Supplied information: Begin

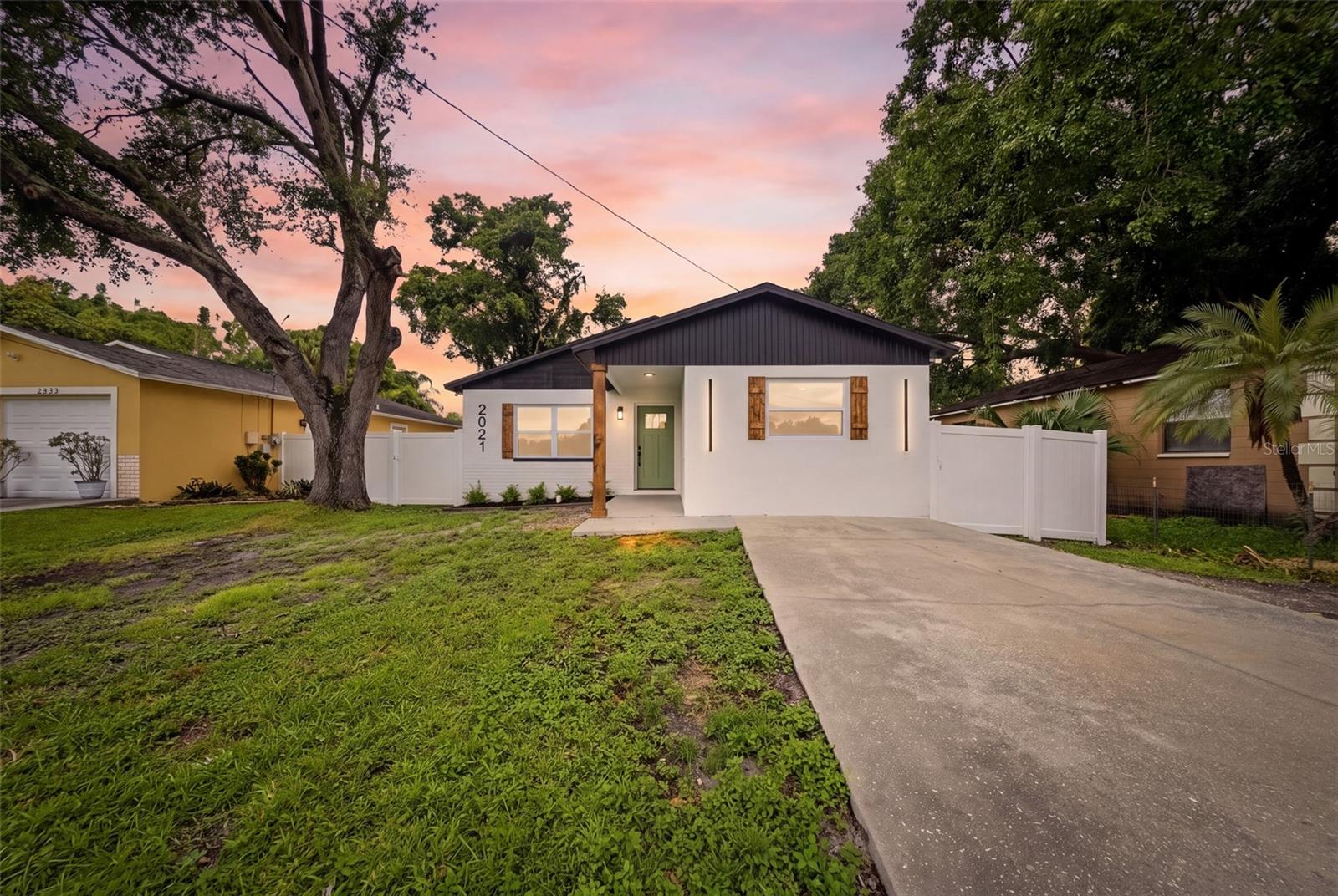 2921 57, St Petersburg, FL 33714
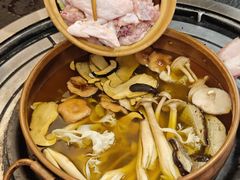 -阿山卓·野生菌火锅·纳西火塘烤肉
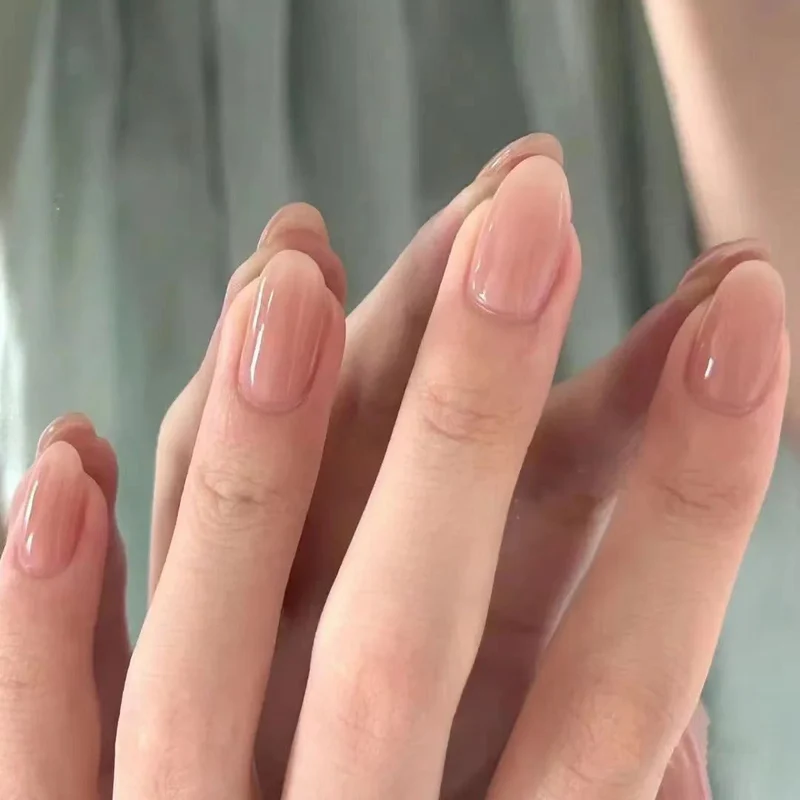 Glänzende mandelförmige Nagelerweiterungen 1790638638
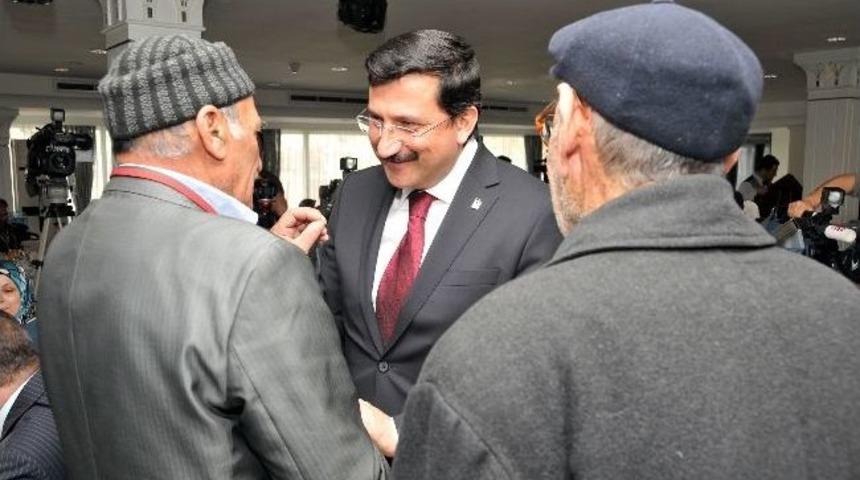 Ke&ccedil;i&ouml;ren Belediyesi, Yarım Asırlık &Ccedil;iftleri Buluşturdu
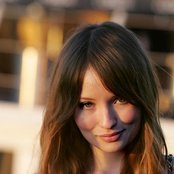 Emily Browning - List pictures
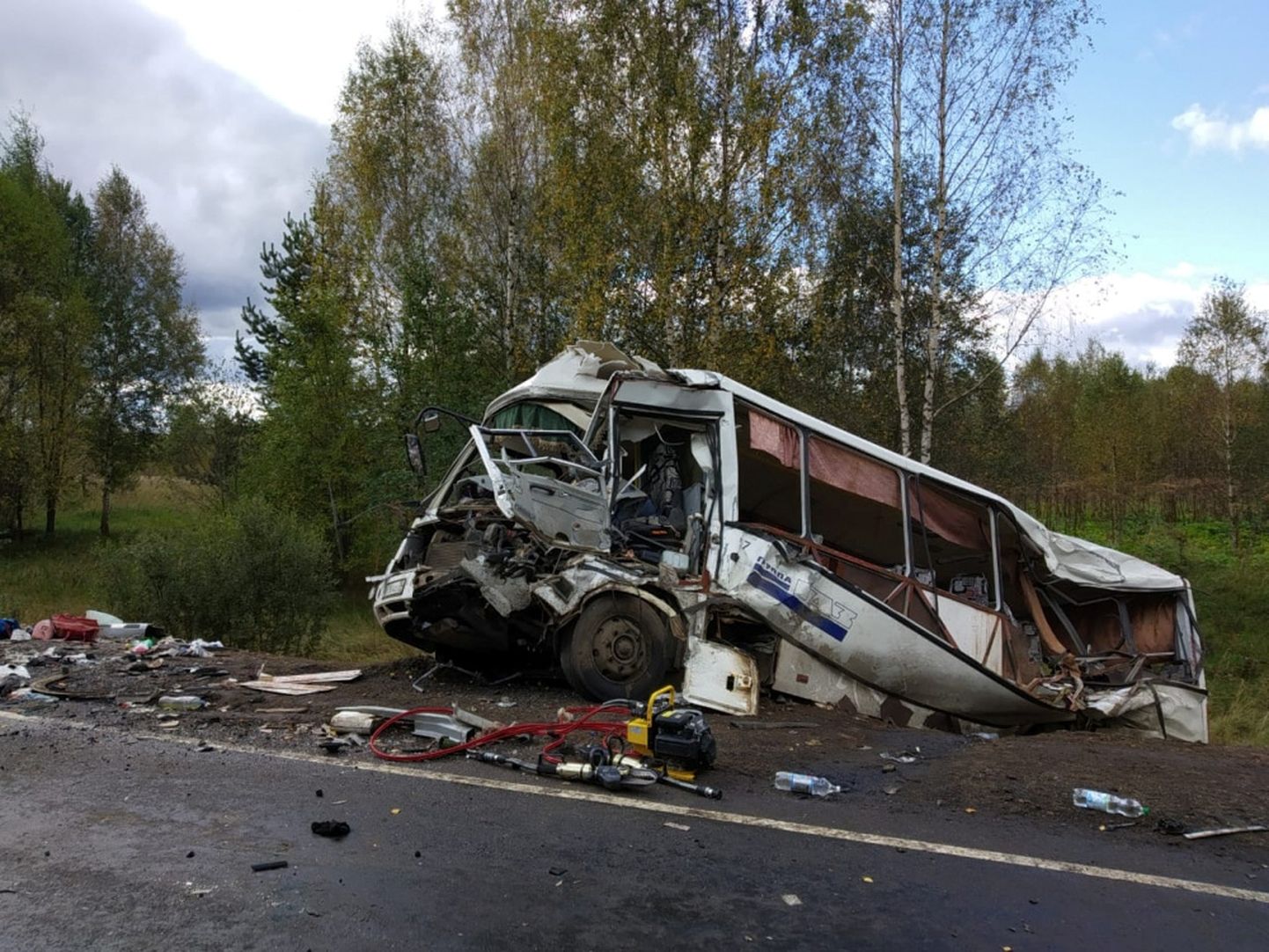 Остатки автобуса после аварии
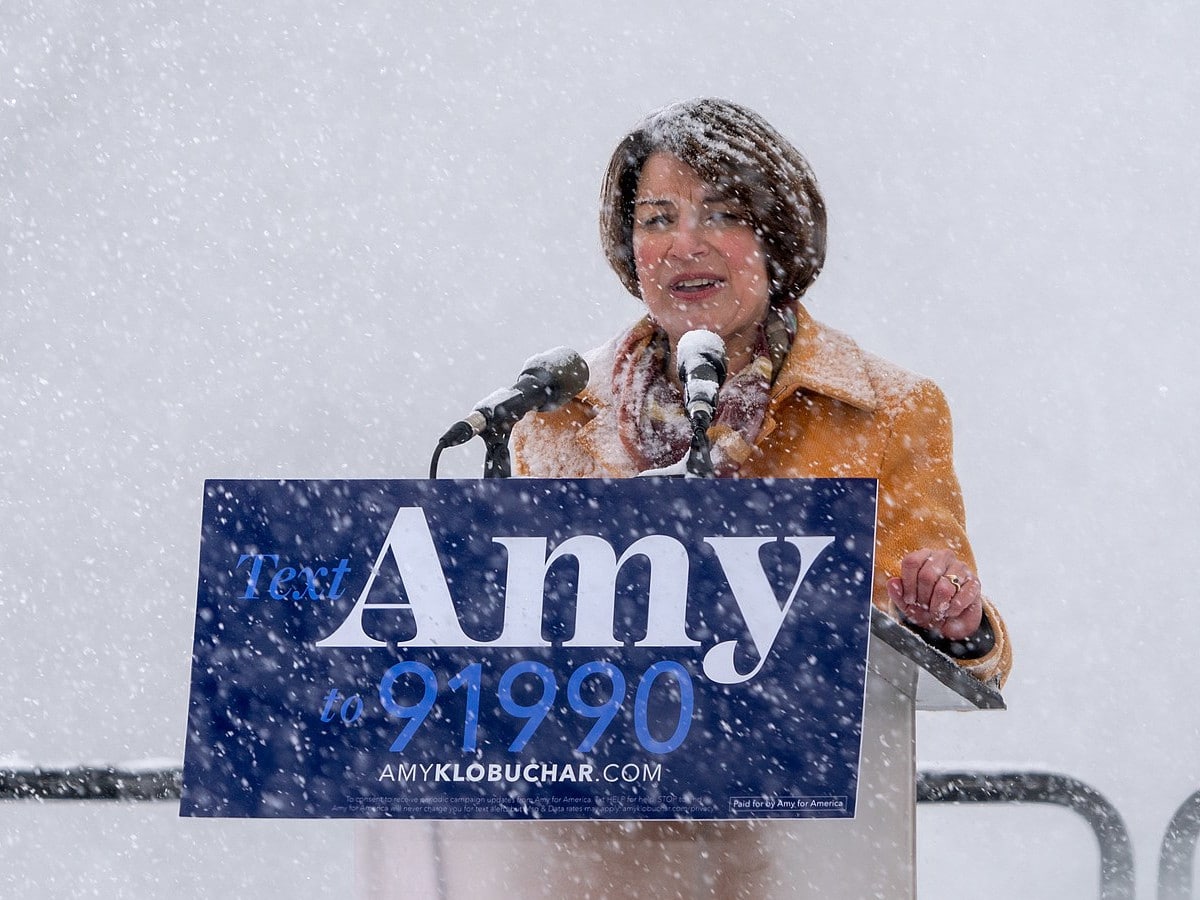 Lei pode multar Apple, Google e Facebook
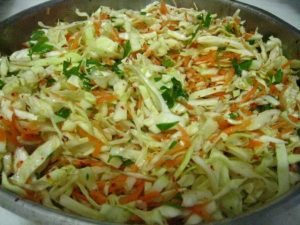 beyaz-lahana-salatasi-coleslaw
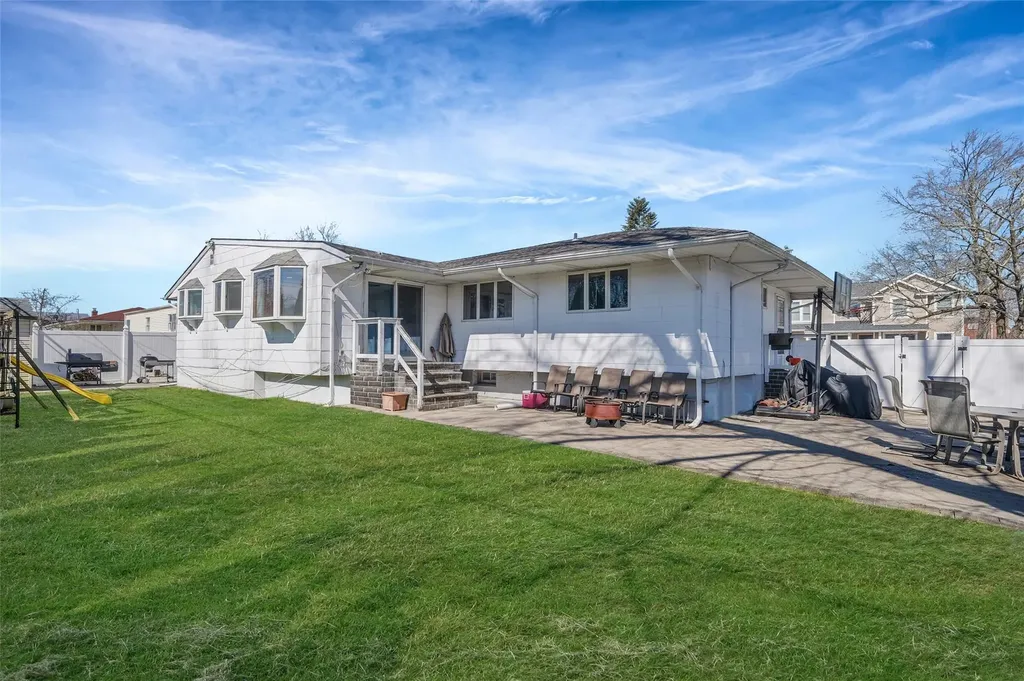 24 Sheldon Place Commack NY 11725
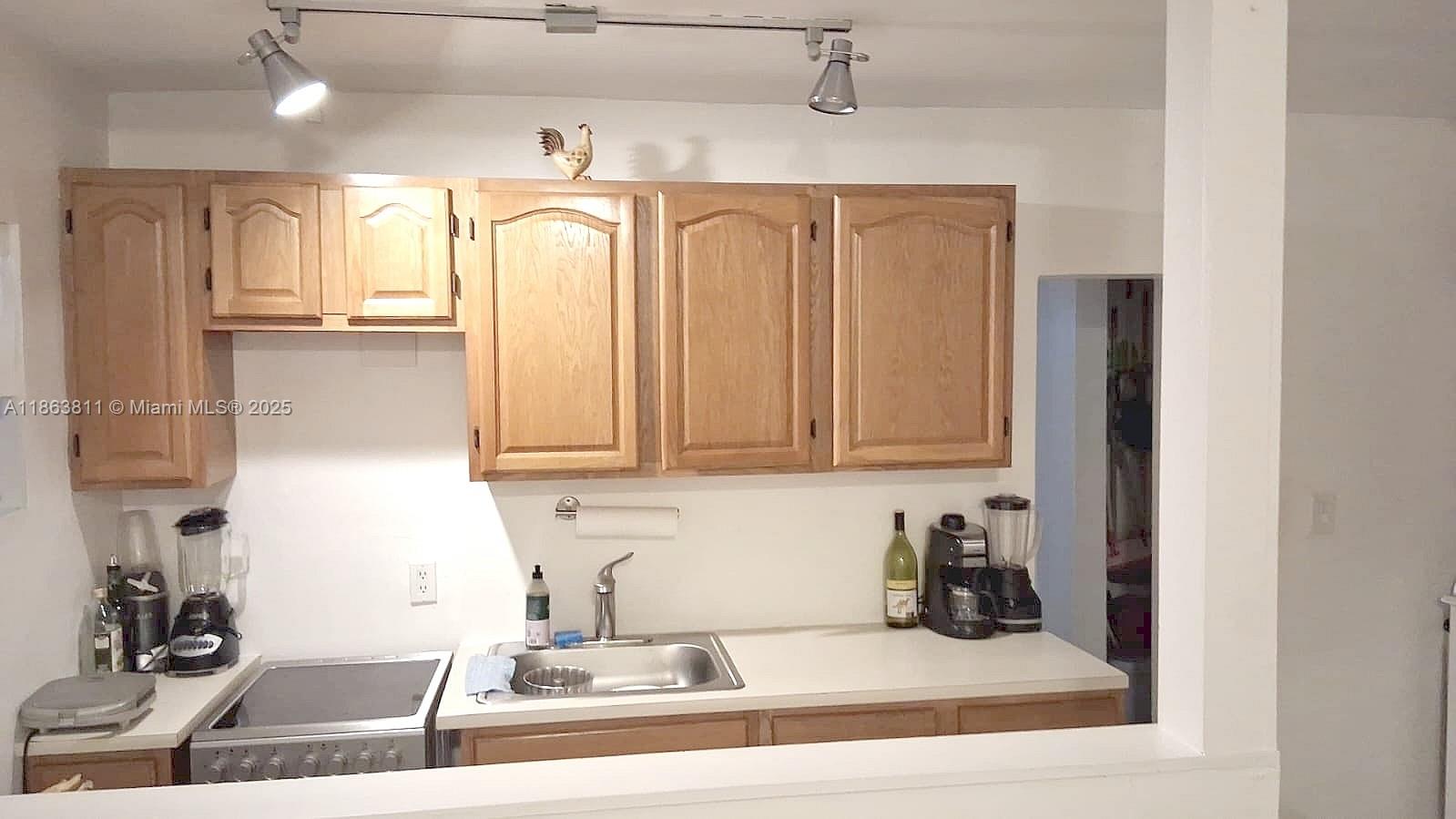 323 Washington Ave 1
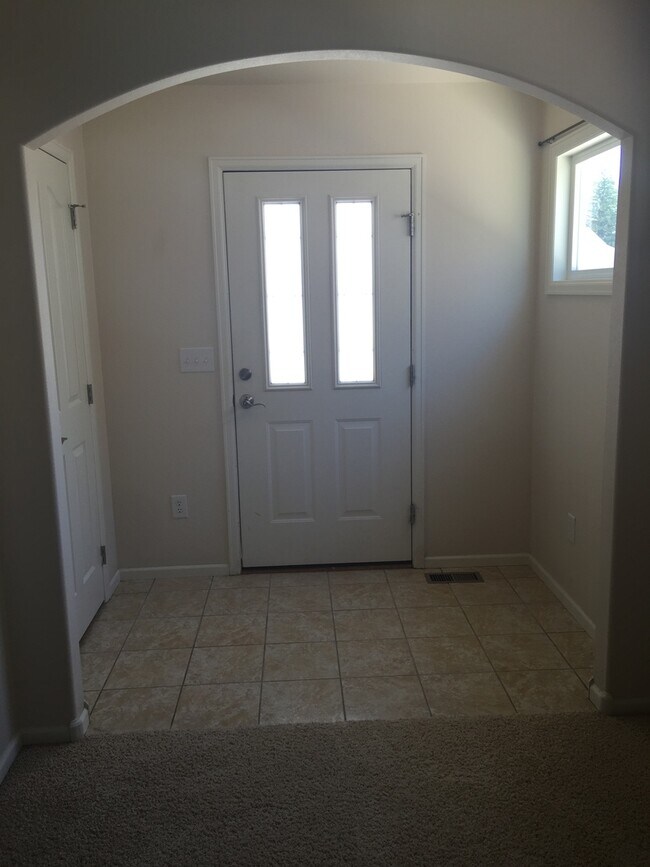 Building Photo - LARGE 3 BEDROOM, 2 BATHROOM NORTH SIDE TOW...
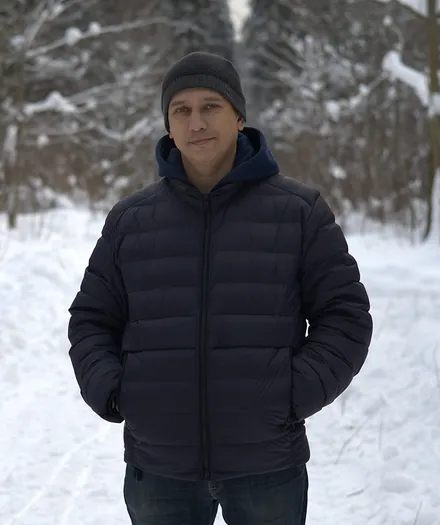 Alexei Petrachuk outdoors in winter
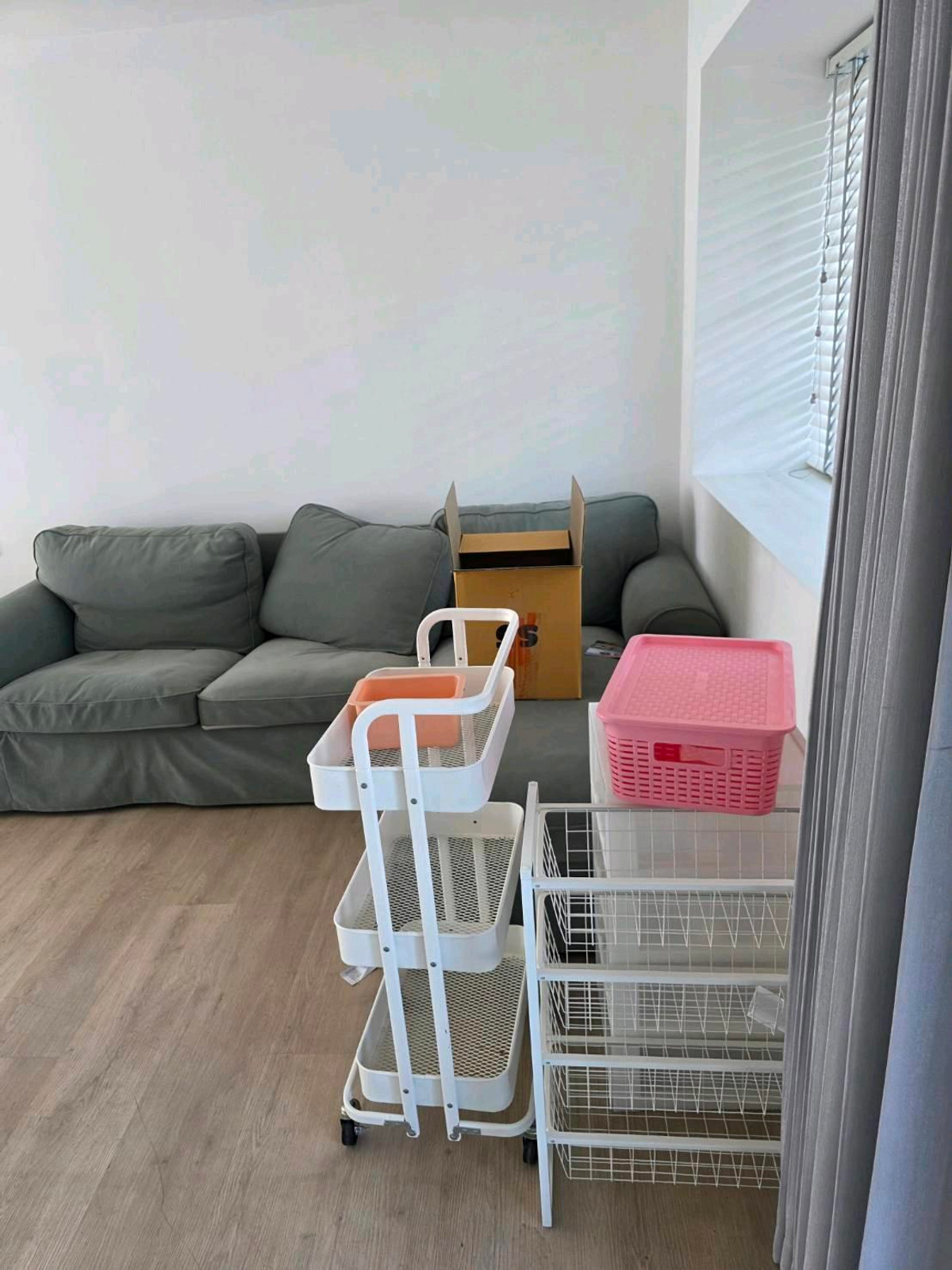 ให้เช่าทาวน์โฮมบางนา แบริ่ง ลาซาล : ทำเลทอง! หลังเมกาบางนา เดินเพียง 2 นาที บ้านว่างพร้อมเข้าอยู่ สามารถนัดดูได้ทุกวัน
อยู่โซนแรก ไม่รอดใต้ทางด่วน 💰 ราคาเช่า : 40,000 บาท/เดือนราคาต่อรองได้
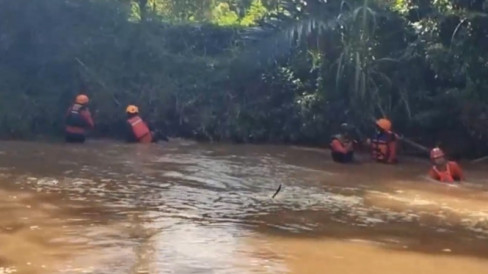 Sisir Sungai Cari Korban Tenggelam Tim Sar Gabungan Terkendala Air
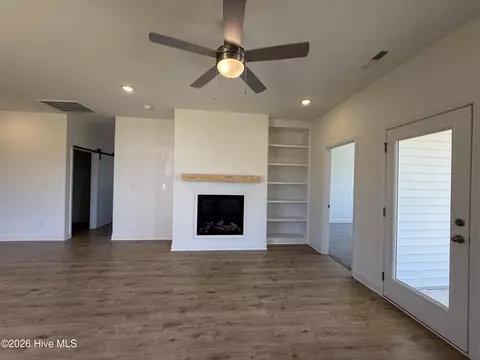 Living - 156 Longfield Ct, Dunn, NC 28334 photo 2 of 2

Supplied information: End

### About this exercise
Skip the pictures and retype exactly the lines from the one that contains "อยู่โซนแรก ไม่รอดใต้ทางด่วน 💰" to the last line of the records.

### Completed task
อยู่โซนแรก ไม่รอดใต้ทางด่วน 💰 ราคาเช่า : 40,000 บาท/เดือนราคาต่อรองได้
 Sisir Sungai Cari Korban Tenggelam Tim Sar Gabungan Terkendala Air
 Living - 156 Longfield Ct, Dunn, NC 28334 photo 2 of 2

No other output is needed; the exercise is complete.